In [87]:
import json
import datetime
import trustedanalytics as ia

ia.connect()

Already connected.  This client instance connected to server http://localhost:9099/v1 (version=0.4.3-201511049238) as user test_api_key_1 at 2015-11-06 19:27:15.944395.


## Set up frame...

In [88]:
def add_ids(row):
    my_json = json.loads(row[0])
    patid = my_json['PATID'] if 'PATID' in my_json else None
    visid = my_json['VISID'] if 'VISID' in my_json else None
    return patid, visid

def add_height(row):
    """Function to extract height in inches from json, and add as column in data frame."""
    my_json = json.loads(row[0])
    HEIGHT_INCHES = my_json['HEIGHT_INCHES'] if 'HEIGHT_INCHES' in my_json else 0.0
    return HEIGHT_INCHES

def add_age(row):
    my_json = json.loads(row[0])
    AGE = my_json['AGE'] if 'AGE' in my_json else 0
    return AGE

def add_weight(row):
    my_json = json.loads(row[0])
    WEIGHT_LBS = 150.0
    if 'WEIGHT_LBS' in my_json:
        WEIGHT_LBS = my_json['WEIGHT_LBS']
    try:
        WEIGHT_LBS = ia.float64(WEIGHT_LBS)
    except:
        WEIGHT_LBS = 150.0
    return WEIGHT_LBS

def add_marital_status(row):
    my_json = json.loads(row[0])
    MARITAL_STATUS = my_json['MARITAL_STATUS'] if 'MARITAL_STATUS' in my_json else None
    return MARITAL_STATUS

def add_death_flag(row):
	my_json = json.loads(row[0])
	DEATH_FLAG = my_json['DEATH_FLAG'] if 'DEATH_FLAG' in my_json else None
	return DEATH_FLAG

def add_meds(row):
    my_json = json.loads(row[0])
    med_orders = my_json['MED_ORDER_NAMEs'] if 'MED_ORDER_NAMEs' in my_json else [None]
    discharge_med_orders = my_json['DISCHARGE_MED_ORDER_NAMEs'] if 'DISCHARGE_MED_ORDER_NAMEs' in my_json else [None]
    if med_orders != [None] and discharge_med_orders != [None]:
        meds = med_orders + discharge_med_orders
    elif med_orders == [None]:
        meds = discharge_med_orders
    elif discharge_med_orders == [None]:
        meds = med_orders
    #if med_orders != [None]:
    #    med_orders = [clean_drugs.preprocess(i) for i in med_orders]
    return '|'.join([str(i) for i in med_orders])

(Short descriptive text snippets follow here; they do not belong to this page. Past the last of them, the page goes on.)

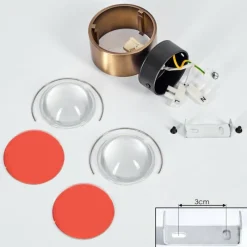 hofstein Applique murale Sapri Vieux laiton, Noir, 1 lumière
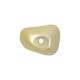 Perle Acrylique Plaquée UV Irrégulière 23 x 35.9 Mm/17.4 mm Ø 2.8 mm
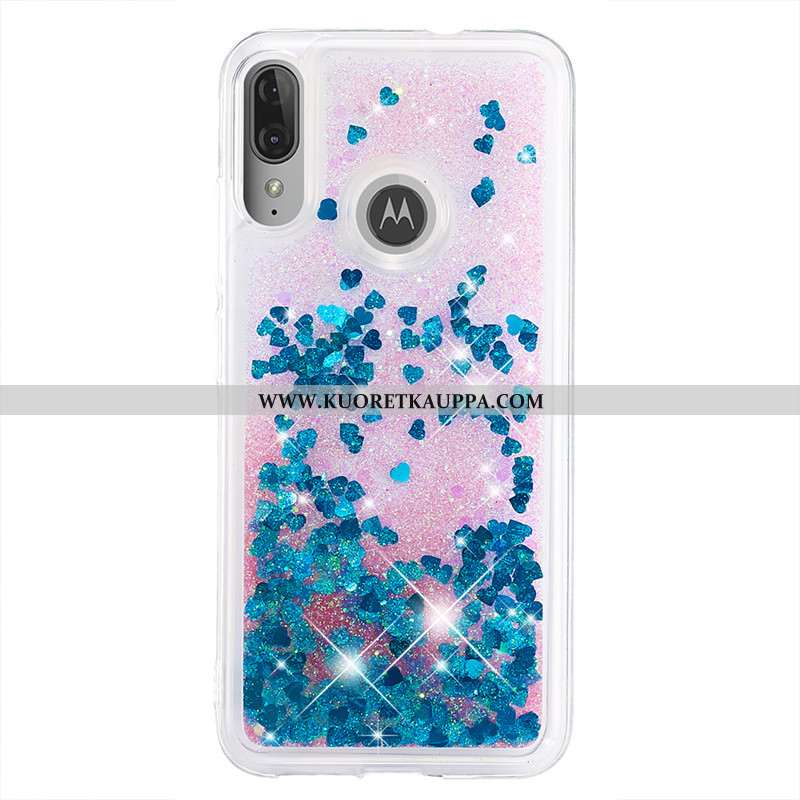 Kuori Moto E6 Plus, Kuoret Moto E6 Plus, Kotelo Moto E6 Plus Sarjakuva Murtumaton Kulta Juoksuhiekka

def add_marital_status(row):
    my_json = json.loads(row[0])
    MARITAL_STATUS = my_json['MARITAL_STATUS'] if 'MARITAL_STATUS' in my_json else None
    return MARITAL_STATUS

In [None]:
#Load data frame and start fresh...
tutorial_inpat = ia.get_frame("tutorial_inpat_frame")
tutorial_inpat_model = tutorial_inpat.copy()
tutorial_inpat_model.drop_columns([i for i in tutorial_inpat_model.column_names if i != 'data_lines'])
tutorial_inpat_model.add_columns(add_ids, [("PATID", str), ("VISID", str)])
tutorial_inpat_model.add_columns(lambda row: str(row["PATID"]) + str(row["VISID"]), ("EVENT_ID", str))
tutorial_inpat_model.add_columns(add_height, ("HEIGHT_INCHES", ia.float64))
tutorial_inpat_model.add_columns(add_marital_status, ("MARITAL_STATUS", str))
tutorial_inpat_model.add_columns(add_weight, ("WEIGHT_LBS", ia.float64))
tutorial_inpat_model.add_columns(add_death_flag, ("DEATH_FLAG", str))
tutorial_inpat_model.add_columns(add_age, ("AGE", ia.float64))
tutorial_inpat_model.add_columns(add_meds, ("MEDS", str))

In [None]:
def add_admit_date(row):
    """Function to extract the admit date for a patient"""
    my_json = json.loads(row[0])
    try:
        ADMIT_DATE = my_json['ADM_DATE']['$date']/1000
    except:
        ADMIT_DATE = None
    return ADMIT_DATE

def add_discharge_date(row):
    """Function to extract the discharge date of a patient"""
    my_json = json.loads(row[0])
    try:
        DISCHARGE_DATE = my_json['DISCHARGE_DATE']['$date']/1000
    except:
        DISCHARGE_DATE = None
    return DISCHARGE_DATE

In [None]:
# Add admit and discharge date columns to our data frame...
tutorial_inpat_model.add_columns(add_admit_date, ("ADM_DATE", str))
tutorial_inpat_model.add_columns(add_discharge_date, ("DISCHARGE_DATE", str))

In [None]:
tutorial_inpat_model.inspect(columns=[i for i in tutorial_inpat_model.column_names if i != 'data_lines'])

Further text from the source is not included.